→ HOW TO COMPLETE THIS TASK
Write out the full listing exactly as given, minus the images.

→ INPUT DATA
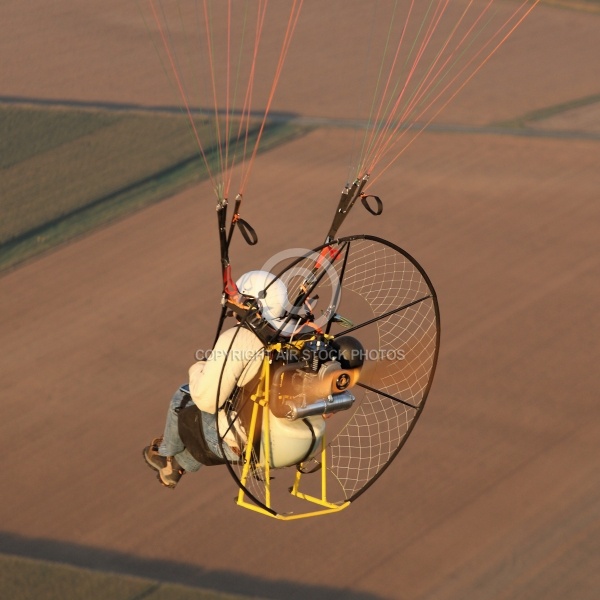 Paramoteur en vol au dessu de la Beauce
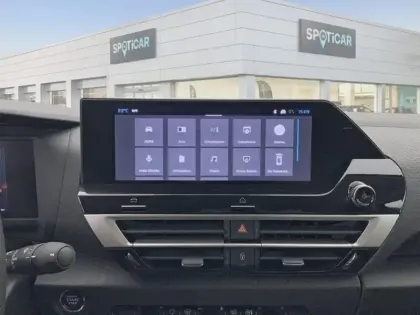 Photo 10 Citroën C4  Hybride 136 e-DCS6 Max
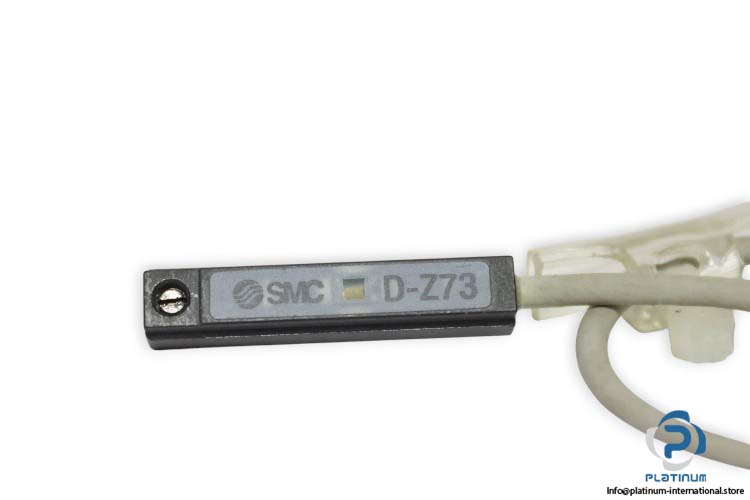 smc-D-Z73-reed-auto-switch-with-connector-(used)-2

→ SOLUTION FOR THIS EXERCISE
 Paramoteur en vol au dessu de la Beauce
 Photo 10 Citroën C4  Hybride 136 e-DCS6 Max
 smc-D-Z73-reed-auto-switch-with-connector-(used)-2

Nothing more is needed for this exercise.